Tuesday, April 10, 2012

Rainy Day Snuggles

My friend Becky has a post up about looking at a picture of her children from five years ago, and not being able to exactly remember how it felt to be in the ordinary moments with them then.  I'm sitting here with Seamus, snuggled up on the couch watching the rain pour down outside and watching Cars, and Maggie is napping in her swing, and I'm feeling a little bit teary after reading that post -- and as I looked over at Maggie, I was thinking that it's hard for me to remember exactly what Seamus was like at her age.  I know he was similar to her in many ways, but different in many ways, and I can remember some of that but what I mainly can't remember is exactly how it felt to be his mom, then.  I know it felt more new, and overwhelming, and scary than it feels to be his and Maggie's mom, now.  And I know that every day felt long and exhausting and like I was busy every single moment taking care of the baby -- and now, sometimes my parents or Patrick will take Seamus out for the whole morning and all I have to do is take care of the baby, and I'm all, am I missing something? Because this feels so easy, just having one baby to care for.

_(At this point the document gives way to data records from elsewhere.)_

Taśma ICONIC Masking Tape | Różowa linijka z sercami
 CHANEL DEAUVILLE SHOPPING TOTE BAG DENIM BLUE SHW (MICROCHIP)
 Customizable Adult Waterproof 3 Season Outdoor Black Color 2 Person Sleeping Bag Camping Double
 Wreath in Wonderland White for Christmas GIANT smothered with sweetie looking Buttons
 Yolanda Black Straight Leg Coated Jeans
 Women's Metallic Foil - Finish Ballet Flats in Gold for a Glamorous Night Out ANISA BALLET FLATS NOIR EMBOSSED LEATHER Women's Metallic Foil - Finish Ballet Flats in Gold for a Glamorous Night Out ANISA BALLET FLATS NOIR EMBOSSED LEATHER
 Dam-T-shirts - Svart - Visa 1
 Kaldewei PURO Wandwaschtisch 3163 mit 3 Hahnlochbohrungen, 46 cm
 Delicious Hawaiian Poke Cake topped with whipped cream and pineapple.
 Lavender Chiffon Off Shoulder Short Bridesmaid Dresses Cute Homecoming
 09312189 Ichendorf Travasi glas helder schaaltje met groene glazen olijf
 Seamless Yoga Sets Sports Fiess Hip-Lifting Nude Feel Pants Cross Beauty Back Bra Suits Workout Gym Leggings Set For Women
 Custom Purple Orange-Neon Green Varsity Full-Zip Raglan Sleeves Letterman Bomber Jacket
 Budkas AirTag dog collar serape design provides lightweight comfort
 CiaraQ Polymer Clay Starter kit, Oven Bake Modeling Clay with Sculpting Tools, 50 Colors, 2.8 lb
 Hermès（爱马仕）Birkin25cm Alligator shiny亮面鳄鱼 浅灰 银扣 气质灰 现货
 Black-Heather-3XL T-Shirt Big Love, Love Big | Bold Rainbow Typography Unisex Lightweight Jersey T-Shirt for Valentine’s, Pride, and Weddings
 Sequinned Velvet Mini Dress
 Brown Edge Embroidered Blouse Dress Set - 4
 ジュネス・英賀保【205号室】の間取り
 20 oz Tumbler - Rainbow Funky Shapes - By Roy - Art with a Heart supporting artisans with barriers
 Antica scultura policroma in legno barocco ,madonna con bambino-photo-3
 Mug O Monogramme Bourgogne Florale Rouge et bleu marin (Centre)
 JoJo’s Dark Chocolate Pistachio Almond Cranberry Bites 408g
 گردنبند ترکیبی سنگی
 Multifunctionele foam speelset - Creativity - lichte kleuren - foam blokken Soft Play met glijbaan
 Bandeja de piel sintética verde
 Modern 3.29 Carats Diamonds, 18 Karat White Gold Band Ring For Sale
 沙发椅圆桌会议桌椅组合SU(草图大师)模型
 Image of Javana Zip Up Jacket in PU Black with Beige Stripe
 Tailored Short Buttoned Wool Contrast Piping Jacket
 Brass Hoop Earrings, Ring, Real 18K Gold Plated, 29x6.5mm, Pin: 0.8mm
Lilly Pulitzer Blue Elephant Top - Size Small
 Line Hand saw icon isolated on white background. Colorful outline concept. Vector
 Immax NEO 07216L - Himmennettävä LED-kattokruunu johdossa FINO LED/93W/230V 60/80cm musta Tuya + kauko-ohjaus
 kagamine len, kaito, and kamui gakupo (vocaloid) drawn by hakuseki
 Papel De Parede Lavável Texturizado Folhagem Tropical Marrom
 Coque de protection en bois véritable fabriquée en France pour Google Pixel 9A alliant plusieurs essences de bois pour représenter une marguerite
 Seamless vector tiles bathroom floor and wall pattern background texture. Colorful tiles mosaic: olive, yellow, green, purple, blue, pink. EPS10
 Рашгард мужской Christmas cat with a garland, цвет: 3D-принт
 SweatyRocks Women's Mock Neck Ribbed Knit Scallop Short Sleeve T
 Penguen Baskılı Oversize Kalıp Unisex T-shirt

And then I was also thinking that sometimes the kids themselves do something to help solidify a moment, a memory, that I can preserve and think of later.  Since Maggie has been born, I have been consciously and unconsciously giving Shay some extra snuggles when I can, especially right after I see a little bit of jealousy in his face or in his behavior while I'm nursing or tending to the baby. I get him on my lap or in my arms somehow in the midst of our hide-and-go-seek game, or at the table where the train tracks are set up, and get in as many kisses as I can before he starts to protest.  And I don't think I really focused on the snuggles in a specific way, until the other day he reached up his arms for a hug, and as I hugged him, he nuzzled into my shoulder, wrapped his arms around my neck, patted my back, and sighed, "Oh, mama."  And I realized that he was snuggling me in exactly the same way that I snuggle him, except that I sigh, "Oh, Shay-Shay."  And I think that moment I will remember, even if I forget exactly how it feels to be Seamus and Maggie's mom in these early days, or how Seamus's little two-and-one-quarter year old body feels in my arms today.

1 comment:

  1. And now I'M teary. Shay is such a little sweetheart. But that is a milestone to remember--when you feel that they love you and are consciously expressing their love for you. Huge!